Die tonangebende Macht im Reiche, das Kaiserliche Haus, wurzelte in seiner Herrschaft hauptsächlich in außerdeutschen Gebieten, in Ungarn, Böhmen, den Niederlanden, Neapel; die Kurfürsten von Sachsen waren Könige von Polen, die Kurfürsten von Brandenburg Könige von Preußen, die Kurfürsten von Hannover Könige von England, der Landgraf von Hessen-Cassel König von Schweden. Oldenburg gehörte zu Dänemark, Pommern zu Schweden. Der Kurfürst Max Emanuel hat, solange er lebte, nicht aufgehört, nach einer ausländischen Krone zu trachten, gleichviel, ob sie ihm in Spanien, in Ungarn, in Neapel, Belgien oder sonstwo zu winken schien, und noch Karl Theodors höchster Wunsch war es, Bayern dranzugehen, um König von Burgund zu werden.

Die Aufhebung des Ediktes von Nantes füllte die deutschen protestantischen Staaten Baden, Hessen, Braunschweig mit Refugiers, besonders die Mark Brandenburg. So war z. B. in Berlin am Ende des 17. Jahrhunderts jeder dritte Mensch ein Franzose. Diese Refugierten, welche ihrem Glauben zuliebe Heimat und Besitz unter tausend Gefahren verließen, waren nicht nur durch die Stärke ihres Charakters hervorragende Menschen, sie waren auch Leute, die eine feinere Gesittung, eine höhere Kultur mitbrachten und in der neuen Heimat verbreiteten. In der Mark Brandenburg sollen sie allein 43 unbekannte Arten von Gewerben eingeführt haben. Ludwig XIV. hat allen Ernstes daran gedacht, sich zum Kaiser von Deutschland wählen zu lassen. Und wenn er die Mehrzahl der deutschen Fürsten durch Subsidienzahlungen an Frankreich fesselte, so darf man gegen die Empfänger deswegen noch nicht den Vorwurf des Undeutschen erheben. Sie waren infolge der Geldarmut ihrer im Dreißigjährigen Kriege völlig ausgesogenen Länder geradezu auf diese Subsidien angewiesen.

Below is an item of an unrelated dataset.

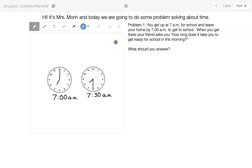Hi, it's Mrs. Moran, and today we're going to do some problem solving about time.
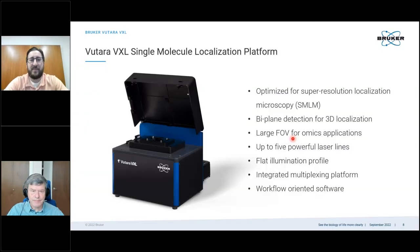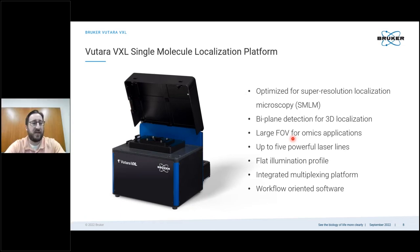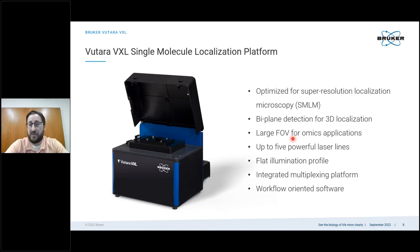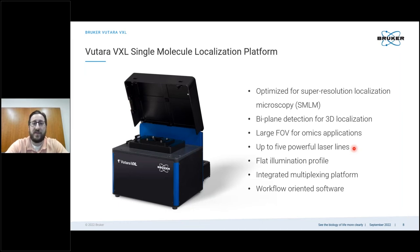I'm happy to be here today to talk about the technical side and some of the design considerations underlying the Vitara VXL microscope. The Vitara VXL is an optical benchtop microscope optimized for single molecule localization. It utilizes our biplane detection methodology for accurate three-dimensional localizations even with a single objective Z position. We also provide a larger field of view for overview applications, up to five powerful laser lines for illumination, a flat illumination profile, an integrated multiplexing platform, and workflow-oriented software to facilitate ease of use.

Der enge, auf die Nationalität beschränkte „Patriotismus“, wie wir ihn heute verstehen, ist erst im 19. Jahrhundert entstanden. Jene Zeit kannte ihn gar nicht. Wenn die deutschen Höfe damals von Franzosen wimmelten, Friedrich der Große sich für seine Steuerunternehmungen Scharen französischer Beamten kommen ließ, so zogen nicht weniger Deutsche nach Frankreich. Wenn ein preußischer Feldherr wie Herzog Ferdinand von Braunschweig äußerte: „Es ist für jeden deutschen Offizier eine Ehre, in französischen Diensten zu stehen“, so darf man sich nicht wundern, dass die Marschälle Frankreichs mehr als einen Ausländer in ihren Reihen zählen, den Schweden Grafen Löwendal, Moritz von Sachsen, den Sohn Augusts des Starken u. a. Ja ganze Regimenter des französischen Heeres, wie Royal Allemand, Royal Deux-Ponts, Royal Etranger u. a. rekrutierten sich dauernd aus Deutschland. Ist nicht dagegen Prinz Eugen von Savoyen kaiserlicher Feldherr geworden und rechnen wir den „edlen Ritter“ nicht zu den Unseren? Graf Schulenburg verrichtete seine glänzenden Waffentaten im Dienste Venedigs, Graf Lippe in dem Portugals, der Schotte Keith im Solde Preußens. Der deutsche Graf Goerz war schwedischer, mehrere Grafen Bernstorff dänische Minister. Dass ein Staatsmann oder ein Feldherr nacheinander verschiedenen Herren verschiedener Länder diente, erregte weder Aufsehen noch Anstoß. Nicht die Zugehörigkeit zu dieser oder jener Nation gab den Ausschlag bei der Beurteilung eines Mannes, sondern die Zugehörigkeit zur guten Gesellschaft. Diese war international, weltbürgerlich, ihre Formen aber, ihre Sprache, ihre Sitten, ihre Kunst und ihre Mode war französisch. Dieses Überwiegen der französischen Kultur datierte seit den Glanztagen Ludwigs XIV., seit der Sonnenkönig auf dem Gipfel politischer Macht sich nicht mit Unrecht als den Herrscher der Welt betrachten konnte. Von ihm empfing sie Krieg oder Frieden, von ihm Kunst und Bildung.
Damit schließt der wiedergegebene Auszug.